A Series is a basic holder for **one-dimensional labeled data**. It can be created much as a NumPy array is created:

In [None]:
s = pd.Series([0.1, 0.2, 0.3, 0.4])
s

In [None]:
type(s)

### Attributes of a Series: `index` and `values`

The series has a built-in concept of an **index**, which by default is the numbers *0* through *N - 1*

In [None]:
s.index

You can access the underlying numpy array representation with the `.values` attribute:

In [None]:
s.values

In [None]:
type(s.values)

We can access series values via the index, just like for NumPy arrays:

In [None]:
s[0]

Unlike the NumPy array, though, this index can be something other than integers:

In [None]:
s2 = pd.Series(np.arange(4), index=['a', 'b', 'c', 'd'])
s2

In [None]:
s2['c']

### Pandas Series versus dictionaries

In this way, a ``Series`` object can be thought of as similar to an ordered dictionary mapping one typed value to another typed value.

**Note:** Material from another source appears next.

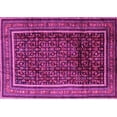 thumbnail image 1 of Ahgly Company Indoor Rectangle Persian Pink Traditional Area Rugs, 2' x 4', 1 of 4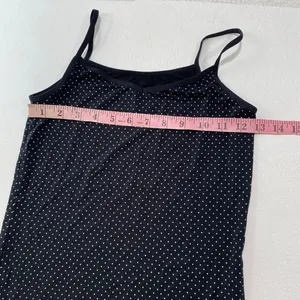 Uniqlo Black White Polka Dot Cami Tank Top Medium Y2K Minimalist thumbnail 5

In fact, it's possible to construct a series directly from a Python dictionary:

In [None]:
pop_dict = {'Germany': 81.3, 
            'Belgium': 11.3, 
            'France': 64.3, 
            'United Kingdom': 64.9, 
            'Netherlands': 16.9}
population = pd.Series(pop_dict)
population

We can index the populations like a dict as expected:

In [None]:
population['France']

but with the power of numpy arrays:

In [None]:
population * 1000

## DataFrames: Multi-dimensional Data

A DataFrame is a **tablular data structure** (multi-dimensional object to hold labeled data) comprised of rows and columns, akin to a spreadsheet, database table, or R's data.frame object. You can think of it as multiple Series object which share the same index.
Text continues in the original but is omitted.